Some places are instantly recognizable as being spectacularly gorgeous even before landing—the Maldives, for example, with its outrageous electric blue swell, unmissable from the air. Descending on Namibia is almost the opposite. From high above it appears like a lumpy brown papier-mâché globe, unforgiving, bare and dry—so dry. Roads are few and far between, buildings are scarce and cities seem nonexistent. But this seemingly inhospitable environment blossoms in a big way immediately after touchdown. Fine details come into focus, life begins to pulse audibly, and one notices the extreme beauty of extreme and exotic landscapes dotted with some of the most special wildlife on the planet—and very few humans to muck it all up.
Namibia, until 1990 called South West Africa, is one of the lesser visited African countries, but that’s certainly no reflection of its size (twice that of California) or rich diversity. In fact, anyone who’s explored even one portion of its sprawl would agree it’s take-your-breath-away epic. A few examples: the rust-orange sand dunes that peak and curve like a Frank Gehry museum include the world’s highest, at more than 1,000 feet tall. The largest population of free-roaming black rhinoceros ramble across its empty plains dotted with mirages, pink mountains, and smatterings of minuscule flowers that appear like doilies on the sandy surface. A handful of fresh debuts on the hospitality side, too, are providing outsized, yet intimate luxury experiences that signal a new chapter for the nation that toes an intoxicating line between peaceful and wild. Here, the supremely conceived standouts that open doors to uncharted areas for true safari chic adventures.
Omaanda—the newest Zannier Hotels property and first in Africa—provides a plush place to begin and conclude every Namibian adventure, thanks to its convenient location near the airport.
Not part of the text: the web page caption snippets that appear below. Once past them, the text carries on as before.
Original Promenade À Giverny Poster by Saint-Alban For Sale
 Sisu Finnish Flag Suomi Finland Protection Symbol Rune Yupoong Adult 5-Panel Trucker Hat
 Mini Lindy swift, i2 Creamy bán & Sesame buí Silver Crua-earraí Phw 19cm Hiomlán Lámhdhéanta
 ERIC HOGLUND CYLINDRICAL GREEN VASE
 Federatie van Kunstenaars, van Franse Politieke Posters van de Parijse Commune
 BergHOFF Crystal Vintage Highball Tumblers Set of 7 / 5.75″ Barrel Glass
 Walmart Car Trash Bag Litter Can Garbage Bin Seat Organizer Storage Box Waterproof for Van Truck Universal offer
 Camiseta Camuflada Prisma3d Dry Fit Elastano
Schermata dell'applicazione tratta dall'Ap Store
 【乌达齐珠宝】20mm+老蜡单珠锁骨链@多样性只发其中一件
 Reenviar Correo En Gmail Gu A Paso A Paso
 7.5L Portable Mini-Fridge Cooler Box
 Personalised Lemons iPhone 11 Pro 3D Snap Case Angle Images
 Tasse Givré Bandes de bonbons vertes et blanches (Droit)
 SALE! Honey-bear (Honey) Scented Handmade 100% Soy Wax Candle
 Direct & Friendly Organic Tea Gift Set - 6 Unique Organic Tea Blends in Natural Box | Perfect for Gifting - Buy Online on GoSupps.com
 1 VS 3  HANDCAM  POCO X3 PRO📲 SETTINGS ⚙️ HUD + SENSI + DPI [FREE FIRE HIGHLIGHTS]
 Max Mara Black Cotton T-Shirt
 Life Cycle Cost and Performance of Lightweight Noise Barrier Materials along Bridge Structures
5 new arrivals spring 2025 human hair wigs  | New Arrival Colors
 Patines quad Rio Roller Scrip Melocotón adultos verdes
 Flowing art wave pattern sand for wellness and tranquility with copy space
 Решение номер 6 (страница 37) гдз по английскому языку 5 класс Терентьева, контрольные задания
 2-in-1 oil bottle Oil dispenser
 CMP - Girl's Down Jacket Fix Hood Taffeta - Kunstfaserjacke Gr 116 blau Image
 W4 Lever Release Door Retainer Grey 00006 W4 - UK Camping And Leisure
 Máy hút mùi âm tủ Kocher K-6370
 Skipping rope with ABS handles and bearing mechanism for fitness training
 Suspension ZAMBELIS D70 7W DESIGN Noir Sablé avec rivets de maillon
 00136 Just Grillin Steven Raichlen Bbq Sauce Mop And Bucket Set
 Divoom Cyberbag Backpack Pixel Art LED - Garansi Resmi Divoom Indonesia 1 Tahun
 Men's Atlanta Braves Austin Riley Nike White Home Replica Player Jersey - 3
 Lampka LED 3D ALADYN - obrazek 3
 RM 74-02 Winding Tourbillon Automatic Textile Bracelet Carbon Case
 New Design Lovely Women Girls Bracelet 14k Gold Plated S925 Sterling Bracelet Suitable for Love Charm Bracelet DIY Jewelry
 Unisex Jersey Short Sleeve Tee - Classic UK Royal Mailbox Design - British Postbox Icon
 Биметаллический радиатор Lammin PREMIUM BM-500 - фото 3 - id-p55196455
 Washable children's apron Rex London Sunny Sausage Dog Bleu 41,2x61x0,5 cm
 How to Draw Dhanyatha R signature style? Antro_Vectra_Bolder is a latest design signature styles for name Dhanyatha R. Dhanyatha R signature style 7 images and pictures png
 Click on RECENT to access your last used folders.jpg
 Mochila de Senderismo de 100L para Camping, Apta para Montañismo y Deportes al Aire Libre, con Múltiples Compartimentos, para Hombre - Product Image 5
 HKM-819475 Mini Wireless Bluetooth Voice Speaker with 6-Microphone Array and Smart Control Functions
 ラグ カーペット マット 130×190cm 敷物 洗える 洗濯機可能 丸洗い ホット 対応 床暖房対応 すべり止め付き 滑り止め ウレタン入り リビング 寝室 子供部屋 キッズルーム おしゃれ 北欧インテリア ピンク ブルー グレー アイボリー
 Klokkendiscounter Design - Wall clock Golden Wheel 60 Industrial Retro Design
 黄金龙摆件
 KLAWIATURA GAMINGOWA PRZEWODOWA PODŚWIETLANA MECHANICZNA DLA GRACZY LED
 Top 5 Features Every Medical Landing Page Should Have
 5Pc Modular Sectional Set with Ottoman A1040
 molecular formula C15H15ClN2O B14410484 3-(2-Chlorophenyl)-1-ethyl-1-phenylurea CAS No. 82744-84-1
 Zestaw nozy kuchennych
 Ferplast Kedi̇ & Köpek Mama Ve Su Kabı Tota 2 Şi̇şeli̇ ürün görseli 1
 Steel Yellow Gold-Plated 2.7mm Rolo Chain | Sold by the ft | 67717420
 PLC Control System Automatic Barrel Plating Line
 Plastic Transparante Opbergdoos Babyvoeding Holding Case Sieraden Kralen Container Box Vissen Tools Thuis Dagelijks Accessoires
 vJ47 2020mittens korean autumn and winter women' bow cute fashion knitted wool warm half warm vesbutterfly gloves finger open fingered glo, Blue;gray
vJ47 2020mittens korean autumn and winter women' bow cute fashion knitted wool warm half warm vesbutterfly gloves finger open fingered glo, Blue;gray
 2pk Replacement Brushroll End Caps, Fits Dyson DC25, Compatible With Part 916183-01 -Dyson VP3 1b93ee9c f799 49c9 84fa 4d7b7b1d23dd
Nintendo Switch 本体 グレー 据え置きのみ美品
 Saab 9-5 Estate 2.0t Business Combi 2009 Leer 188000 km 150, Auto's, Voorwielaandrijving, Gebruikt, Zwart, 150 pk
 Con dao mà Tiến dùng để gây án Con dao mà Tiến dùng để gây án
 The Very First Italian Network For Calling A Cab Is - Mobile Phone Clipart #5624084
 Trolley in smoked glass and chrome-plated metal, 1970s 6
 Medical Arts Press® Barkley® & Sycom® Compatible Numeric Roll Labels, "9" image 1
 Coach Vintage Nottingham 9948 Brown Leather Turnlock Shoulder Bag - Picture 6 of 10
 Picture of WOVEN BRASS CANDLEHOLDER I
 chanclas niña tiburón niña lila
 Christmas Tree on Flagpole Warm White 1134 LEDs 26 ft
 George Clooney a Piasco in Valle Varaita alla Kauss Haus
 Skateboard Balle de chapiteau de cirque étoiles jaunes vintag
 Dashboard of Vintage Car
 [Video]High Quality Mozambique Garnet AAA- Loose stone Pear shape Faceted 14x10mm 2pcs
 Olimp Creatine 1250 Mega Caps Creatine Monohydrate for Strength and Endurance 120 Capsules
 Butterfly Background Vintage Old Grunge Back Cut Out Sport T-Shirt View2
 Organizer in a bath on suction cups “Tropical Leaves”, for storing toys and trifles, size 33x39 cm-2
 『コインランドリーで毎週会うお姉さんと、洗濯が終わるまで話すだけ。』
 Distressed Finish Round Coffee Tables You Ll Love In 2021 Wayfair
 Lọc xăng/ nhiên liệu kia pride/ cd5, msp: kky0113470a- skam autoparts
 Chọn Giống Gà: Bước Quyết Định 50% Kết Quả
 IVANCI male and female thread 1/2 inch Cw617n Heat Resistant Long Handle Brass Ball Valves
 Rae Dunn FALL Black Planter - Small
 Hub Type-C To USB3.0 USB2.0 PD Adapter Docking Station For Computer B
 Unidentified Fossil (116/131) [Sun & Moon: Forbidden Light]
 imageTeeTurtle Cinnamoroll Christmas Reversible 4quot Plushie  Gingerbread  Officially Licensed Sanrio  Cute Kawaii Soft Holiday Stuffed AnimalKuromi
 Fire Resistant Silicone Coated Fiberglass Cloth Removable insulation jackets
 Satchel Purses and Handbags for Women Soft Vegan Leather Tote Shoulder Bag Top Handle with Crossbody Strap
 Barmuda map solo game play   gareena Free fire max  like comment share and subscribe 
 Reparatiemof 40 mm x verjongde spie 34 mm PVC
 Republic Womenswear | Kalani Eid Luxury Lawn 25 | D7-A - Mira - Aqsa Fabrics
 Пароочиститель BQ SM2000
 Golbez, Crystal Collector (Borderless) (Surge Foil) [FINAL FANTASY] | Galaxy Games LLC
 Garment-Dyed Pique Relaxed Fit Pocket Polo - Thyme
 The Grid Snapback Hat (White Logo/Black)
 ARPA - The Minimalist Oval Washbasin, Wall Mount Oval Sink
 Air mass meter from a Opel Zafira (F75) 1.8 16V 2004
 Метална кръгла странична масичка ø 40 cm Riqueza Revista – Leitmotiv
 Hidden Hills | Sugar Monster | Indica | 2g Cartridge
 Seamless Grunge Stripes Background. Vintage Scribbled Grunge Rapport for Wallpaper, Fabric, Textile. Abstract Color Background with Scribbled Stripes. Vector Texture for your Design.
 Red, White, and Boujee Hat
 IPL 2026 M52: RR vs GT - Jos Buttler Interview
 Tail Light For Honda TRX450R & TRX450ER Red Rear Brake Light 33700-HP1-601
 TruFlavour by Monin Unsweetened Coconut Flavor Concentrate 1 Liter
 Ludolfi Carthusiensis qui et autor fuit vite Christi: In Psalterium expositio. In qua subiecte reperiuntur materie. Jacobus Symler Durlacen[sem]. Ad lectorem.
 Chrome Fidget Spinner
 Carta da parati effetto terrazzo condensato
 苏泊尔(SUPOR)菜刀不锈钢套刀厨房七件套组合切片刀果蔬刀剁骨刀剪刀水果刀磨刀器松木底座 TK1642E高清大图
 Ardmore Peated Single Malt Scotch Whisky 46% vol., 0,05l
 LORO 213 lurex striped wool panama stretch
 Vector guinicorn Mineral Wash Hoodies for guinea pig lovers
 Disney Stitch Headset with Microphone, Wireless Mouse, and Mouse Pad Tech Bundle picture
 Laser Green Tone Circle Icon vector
Yet the private reserve feels sufficiently exotic: 10,000 hectares providing a surprisingly diverse array of flora (including threateningly thorny bushes and trees that seem covered in freshly popped popcorn) and fauna. Additionally, it serves as a re-entry release area for wildlife rehabilitated by Naankuse Wildlife Sanctuary next door (think lionesses with their cubs, white rhinos). The 10 rounded huts—traditional Ovambo sandbag construction with thatched roofs— are appropriately camouflaged by their surroundings but inside offer five-star luxuries and memorable views of the waterhole from both the supremely soft bed and oversized bathtub. An open-air spa, infinity pool, and impeccable dining round out the safari exploits.
Just getting to Shipwreck Lodge—a scenic flight over otherworldly terrain followed by a drive over garnet pink-flecked sand dunes, whale skeletons, and the carnage of wrecked ships—is a journey for the books. The property itself comprises charming little shiplike cabins perched within view of the unforgiving Atlantic, and a living and dining area where meals and tea are taken. Everything seems to move in slow motion here, from the desert-adapted elephants zigzagging the empty riverbed between dunes and stony mountains as if in quicksand to the serene safari drives over sand in search of surprisingly vibrant signs of life. Surf fishing is another way to embed oneself into the harsh yet joyful realities of the inexplicably rich Skeleton Coast.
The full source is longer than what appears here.